Nadja Ellinger is a visual artist interested in the oral tale as a way to explore new narratives offside the path. She was born in 1993 in a small medieval village in the middle of Germany. Spending most time in the forest and in books she fell in love with fairy tales, folklore and storytelling. After completing her bachelor’s degree in photography at the University of Applied Science in Munich, she studied for her MA in Photography at the Royal College of Art in London from 2018 to 2020.
Path of Pins is a visual re-telling of Little Red Riding Hood, revolving around adolescence and the fluidity of female representation in folklore.
In one of the earliest spoken versions of the fairytale, which later inspired Charles Perrault to write his ‘Petit Chaperon Rouge’, the wolf asks the unnamed heroine: “Which path will you take?”, to which she responds by choosing the path of pins, the careless and fleeting one – as opposed to the path of needles, the irreversible way of the wolf.

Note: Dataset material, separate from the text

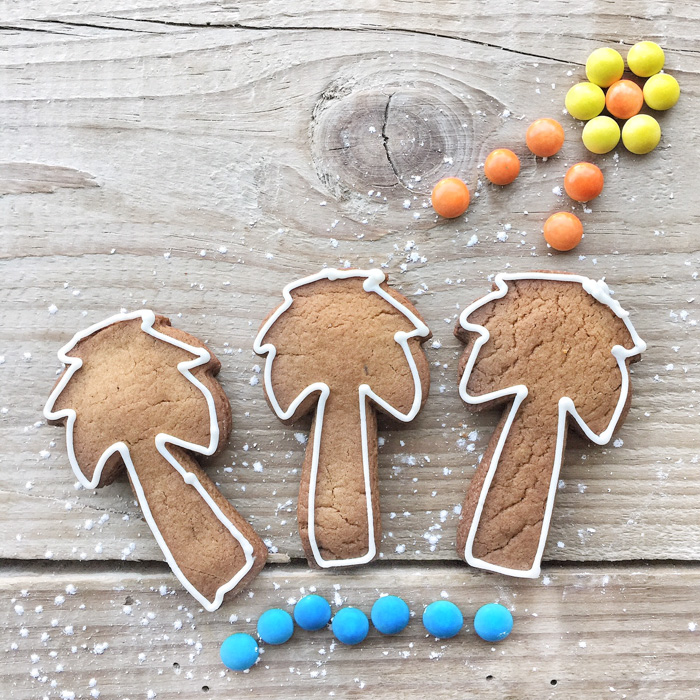 Christmas gingerbread on mycustardpie-1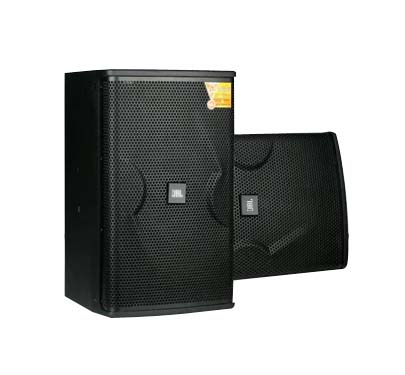 JBL KES6120MKII-75周年经典款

This decision of the pins reflect two interesting aspects: On a personal level, by refusing to follow the prescribed path, the heroine decides to stay a child and favours the state innumerable possibilities. Exploring what lies beyond, she leads us deep into the forest.
On an abstract level, this metaphor of pins and needles relates to how fairy tales are being treated: Like a butterfly collector, Perrault kills the living, ever-evolving oral tale, to present it to the reader in a pose he artificially forced upon it: He coerces the heroine into the corset of his ideologies. Compared to the early variants of the narrative, where the heroine tricks the wolf, Perrault reduces her to a naive girl guilty of her own violation.
The fairy tale questions authorship: Every form of retelling or reenactment embeds former versions of it, repeats it, alters it, so it will never be original – no authorship can be claimed over it. The fairy tale gives birth to itself.
Therefore I work with my friends, my family, my own body. It is a dreamlike state, where logic does not apply anymore and time works differently. The preconscious mind draws connections, develops a narrative I wasn’t aware of and finds analogies between this universe and reality, stitching these worlds together.
The tale develops, slowly, growing with each iteration, like a living creature.
Nadja’s work was exhibited and published in the UK, US, Italy, Germany, and France. She worked on commissions by clients such as Vogue USA and NR Magazine and held her first solo show with her project “But a Mermaid has not Tears'' in Munich, Germany. In 2020 she was one of the finalists for Camera Work in Ravenna, Italy, and exhibited at Voies-Off in Arles, the Ginnel Foto Festival, and the ‘Other Identity’ Biennal in Genova, among others.